企業が抱える3すくみの状態を解消する秘策とはエンタープライズ2.0を導入せよ

先日開催されたあるセミナーで、中内学園の福井誠氏は、企業は現在抱えている問題を解決するためにエンタープライズ2.0を導入すべきだと主張した。

» 2007年07月22日 19時07分 公開
[藤村能光,ITmedia]

 最近エンタープライズ2.0という言葉を耳にしたことがある人も多いだろう。しかし、人や企業によって意味のとらえ方が異なるなど、その言葉にはティム・オライリーによるWeb 2.0の定義のような明確なものはまだ存在しない。

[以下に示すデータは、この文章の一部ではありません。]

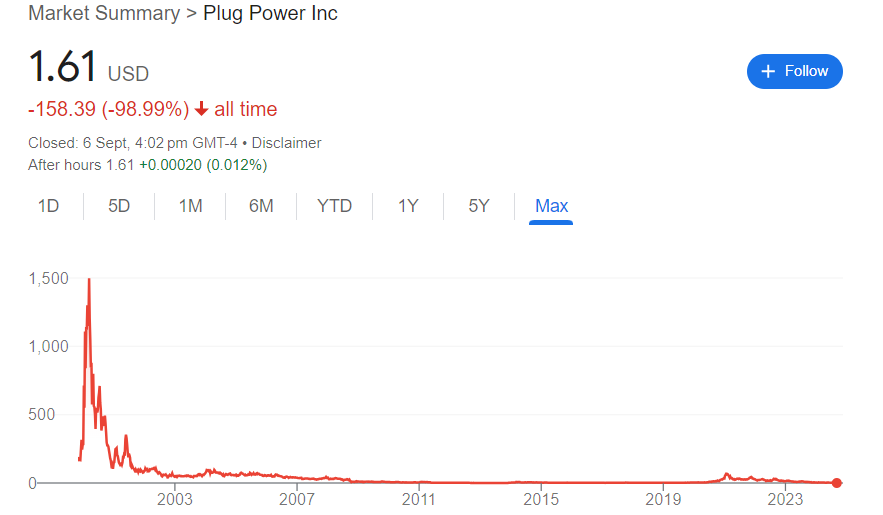 Plug Power Stock Price History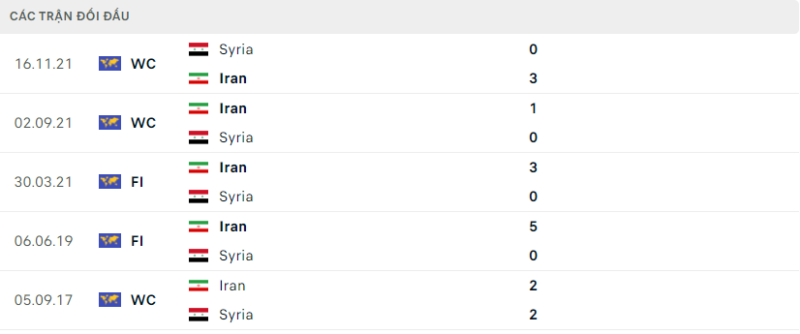 Lịch sử đối đầu hai đội Iran vs Syria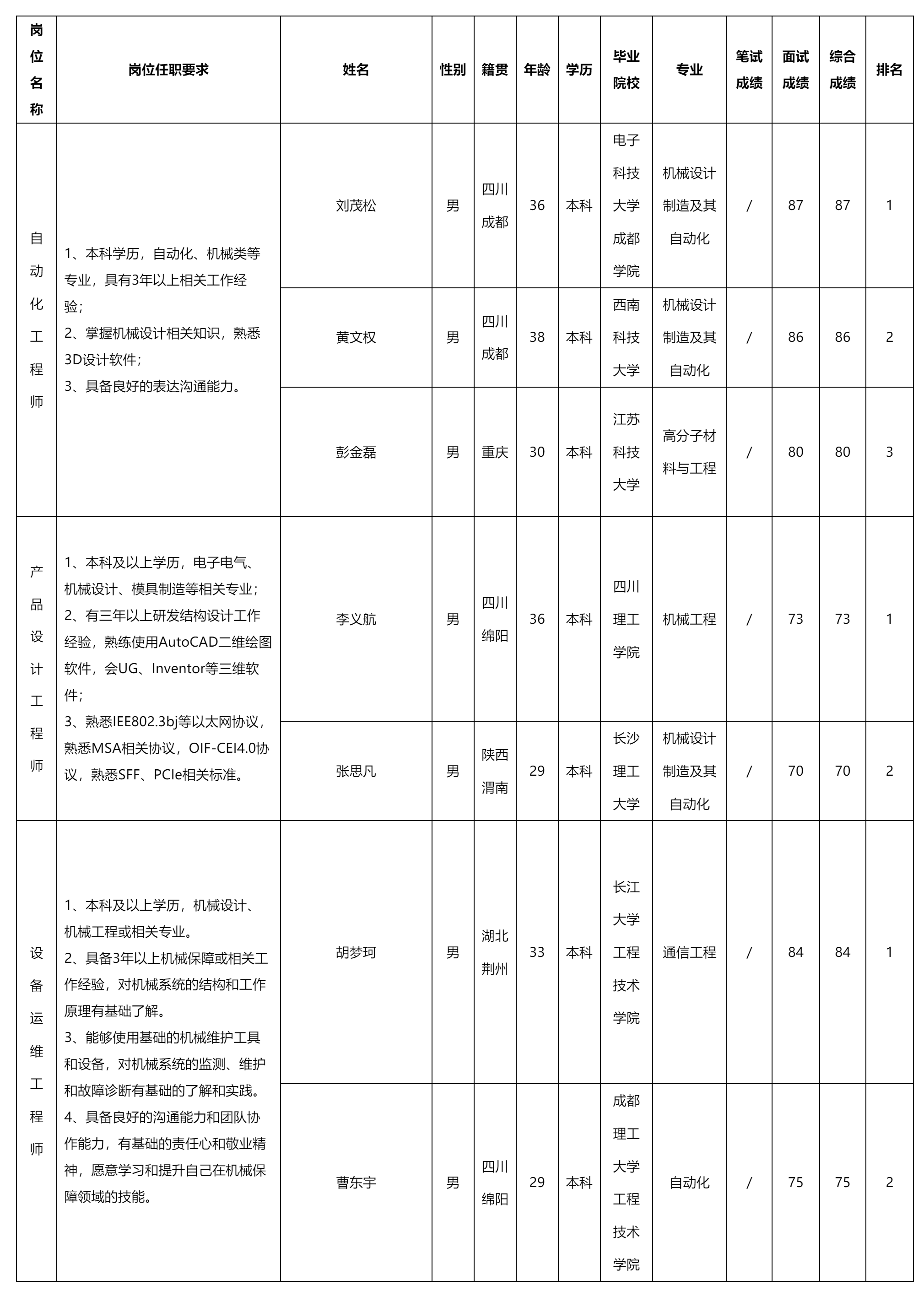 自动化工程师.png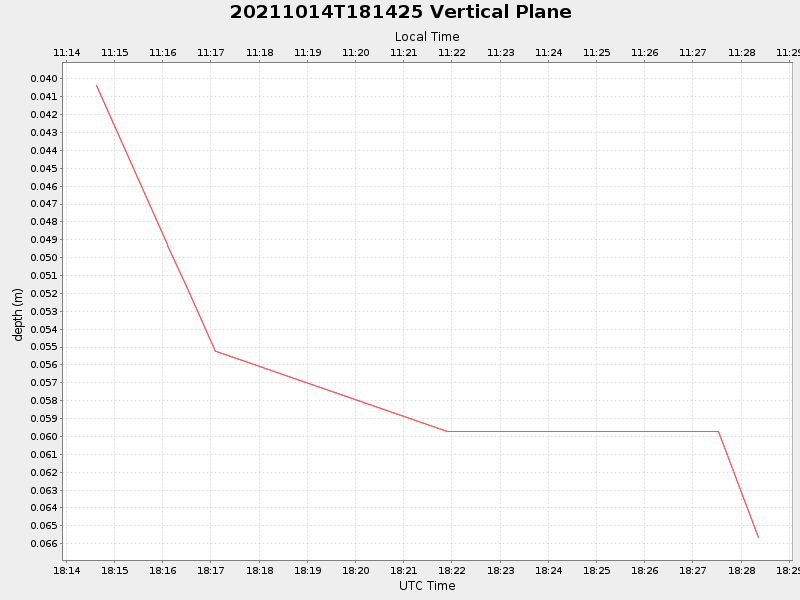 Plot of vplane.png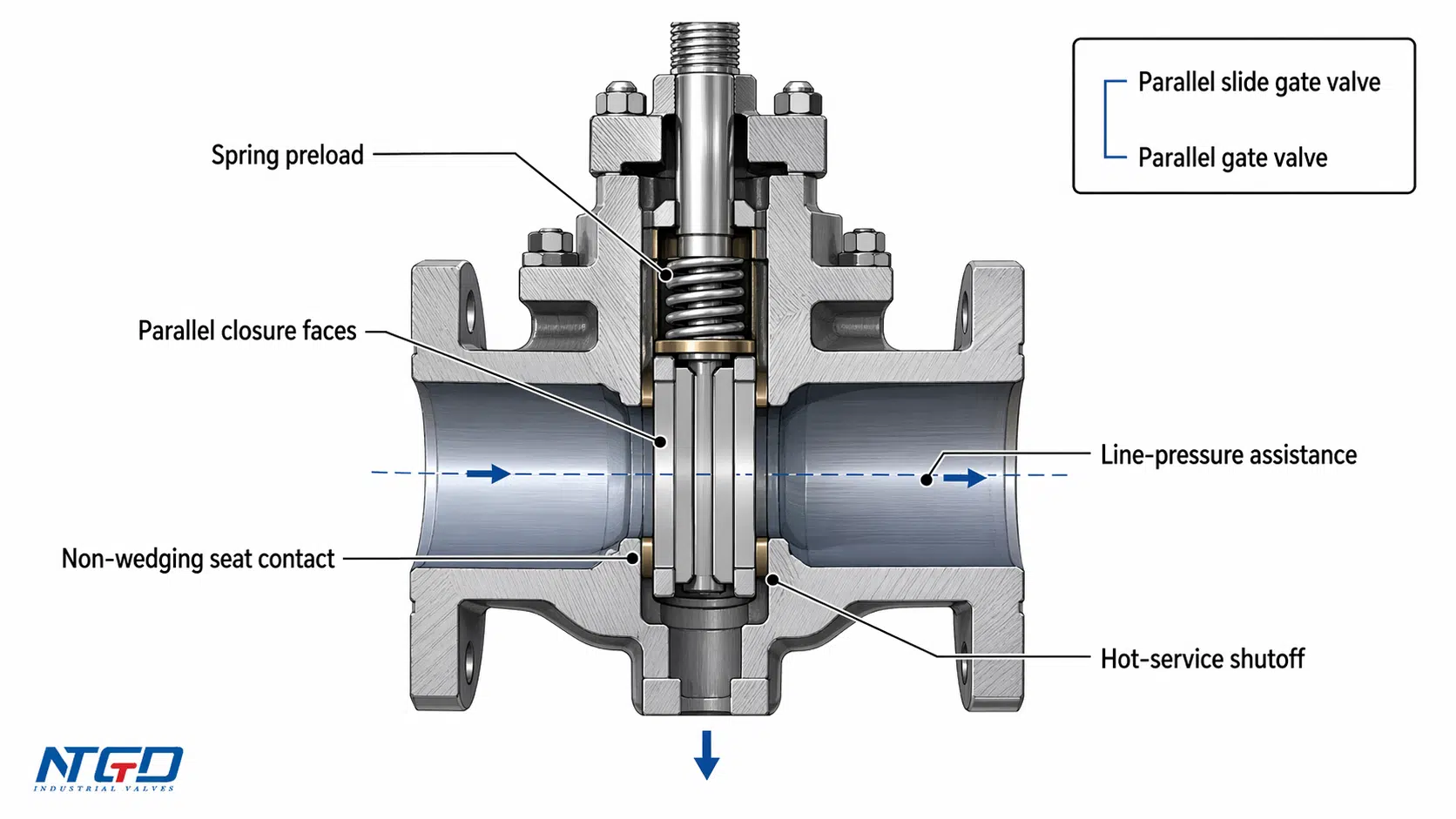 Cross-sectional diagram of a parallel slide gate valve showing spring preload and non-wedging seat contact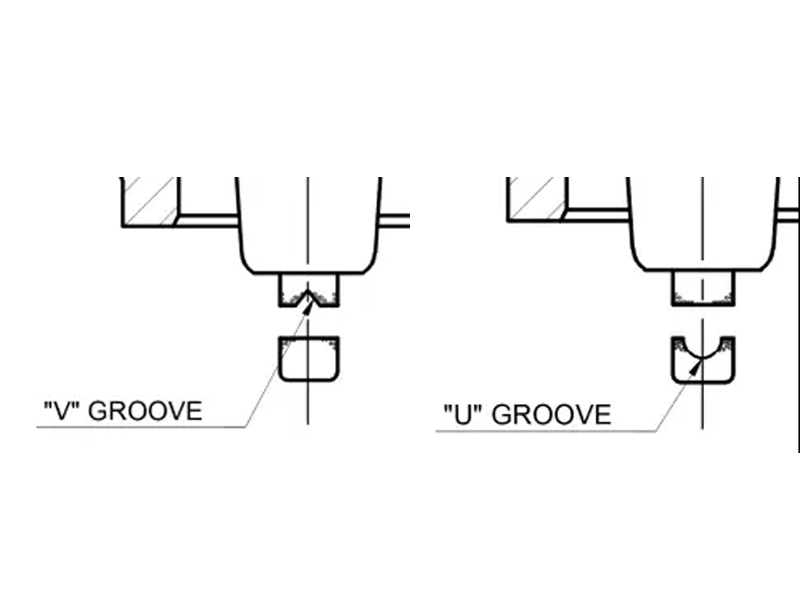 The role of U/V structure in spark plugs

 中内学園流通科学研究所の福井誠氏は、先日コクヨが主催した「SaaSがワークスタイルに与える影響」と題したセミナーで、エンタープライズ2.0の役割と効果について講演した。同氏はエンタープライズ2.0について「Web 2.0のサービスや技術を導入して社員一人ひとりがパフォーマンスを発揮できる環境をつくり、企業を活性化させるという全体的な動き」と述べ、企業が成長することと目的を達成することの意味合いを強め、独自に定義してみせた。

image 「エンタープライズ2.0はWeb 2.0のコンセプトを企業に導入することといわれるが、そんな単純な話ではない」と説明する福井氏

 現在、企業の中でどういう問題が起きているのか。それを見出すために同氏は、マネジメント層、IT部門、ユーザーの3つの立場を考える必要があると話す。具体的には、マネジメント層は内部統制などのミッションを遂行するため、制度に縛られた後ろ向きの投資をせざるを得ない。また、IT部門はシステムに対するユーザーからの要求に答えようとする一方で、マネジメント層からレガシーシステムを運用するよう要求されるというジレンマを抱えている。そして、ユーザーは既存のシステムという貧しい環境に置かれているにもかかわらず、マネジメント層から創造性を発揮するよう求められている。福井氏はこのように述べ、「企業内は3すくみの状態にある」と指摘した。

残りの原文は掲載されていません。